Here’s a deal: we do away with all athletic tips, which serve no use except to increase the number of athletic victories (all other athletic virtues – which I recognize – would obtain without tips), and we also make an unambiguous commitment to hold teaching as the highest value in evaluating faculty (currently we equivocate by saying teaching and research are of equal importance).

#13 Comment By David Kane On May 6, 2004 @ 5:29 am

Sam: I accept the deal! I’ll inform Morty of our decision later today!

PS. The great thing about (d)avid’s “parody” above is that, accept for the firing part, I agree with most of it.


#14 Comment By Mike On May 6, 2004 @ 9:32 am

(d)avid – when did EphBlog become a neocon project? This raises important questions: Should we eliminate the website in order to plot in secret? Do we need to recruit more Jews (I don’t think there’s one other conservative person at my temple, but I can try to recruit elsewhere)? Has anyone warned Prof. Wood?

#15 Comment By (d)avid On May 6, 2004 @ 11:14 am

Maybe I misspoke. I was paraphrasing an earlier comment on a different thread. I doubt the American Enterprise Institute is directly funding Ephblog (though Eric could verify that). And the term “project” would seem to imply far more organization and direction than Ephblog would seem to exhibit (Can we discuss Israeli Settlements? Will David continue posting Christmas cards from alums?).

As for plotting in secret, is that what neocons do? When Wolfowitz and Kristol were working at think tanks, it seemed they published quite a few of their thoughts. It seems they even came up with a cool moniker, “neo-conservative.” Odd behavior for a secret cabal (though secret societies at Yale are fairly public — maybe cabals aren’t what they used to be). Ephblog is fairly secret when compared to the Weekly Standard.

Ephblog is a gathering place for anyone interested in Williams. We’ve had comments from: alums, students, professors, townspeople, high school students, students at other colleges and some random issue experts. However, if one were to take a survey of the political attitudes of regular Ephblog contributors, I suspect that it would skew right. No conspiracy, just a non-random sample.

#16 Comment By Eric Smith ’99 On May 6, 2004 @ 12:54 pm

“I doubt the American Enterprise Institute is directly funding Ephblog (though Eric could verify that)”

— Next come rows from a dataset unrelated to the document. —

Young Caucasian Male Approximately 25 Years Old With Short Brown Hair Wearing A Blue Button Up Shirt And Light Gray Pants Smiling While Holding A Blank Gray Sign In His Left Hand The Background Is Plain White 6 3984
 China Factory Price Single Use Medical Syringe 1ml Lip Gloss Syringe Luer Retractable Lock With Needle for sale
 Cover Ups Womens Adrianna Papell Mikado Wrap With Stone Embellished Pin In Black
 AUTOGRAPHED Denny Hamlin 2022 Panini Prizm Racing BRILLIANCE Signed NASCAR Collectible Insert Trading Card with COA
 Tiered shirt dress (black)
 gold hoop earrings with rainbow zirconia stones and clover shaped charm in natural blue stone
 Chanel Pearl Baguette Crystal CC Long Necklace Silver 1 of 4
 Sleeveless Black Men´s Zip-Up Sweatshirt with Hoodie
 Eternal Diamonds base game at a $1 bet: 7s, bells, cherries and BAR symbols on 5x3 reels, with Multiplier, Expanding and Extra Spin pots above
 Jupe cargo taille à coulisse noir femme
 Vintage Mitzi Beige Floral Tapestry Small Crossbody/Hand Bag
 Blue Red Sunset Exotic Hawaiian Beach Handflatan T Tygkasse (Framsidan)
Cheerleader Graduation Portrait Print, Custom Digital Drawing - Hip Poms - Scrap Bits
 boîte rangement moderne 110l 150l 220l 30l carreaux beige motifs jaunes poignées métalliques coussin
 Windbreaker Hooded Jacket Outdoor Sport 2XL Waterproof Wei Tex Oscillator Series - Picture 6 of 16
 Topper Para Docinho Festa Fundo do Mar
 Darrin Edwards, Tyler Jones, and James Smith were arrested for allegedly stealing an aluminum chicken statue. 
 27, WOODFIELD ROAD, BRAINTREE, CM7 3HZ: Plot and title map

EphBlog is run by contributions from visitors (see the donation button on the right) and from my own wallet. It helps that I happen to already lease a fast server with a lot of bandwidth anyway, so it is not a huge deal to add another site to it (EphBlog is fairly static and doesn’t get a ton of hits, that said I also don’t have ads on here).

I wish I had some cool story about how we were funded by illicit sale of methamphetamines to housewives in the midwest, but that would be a downright lie.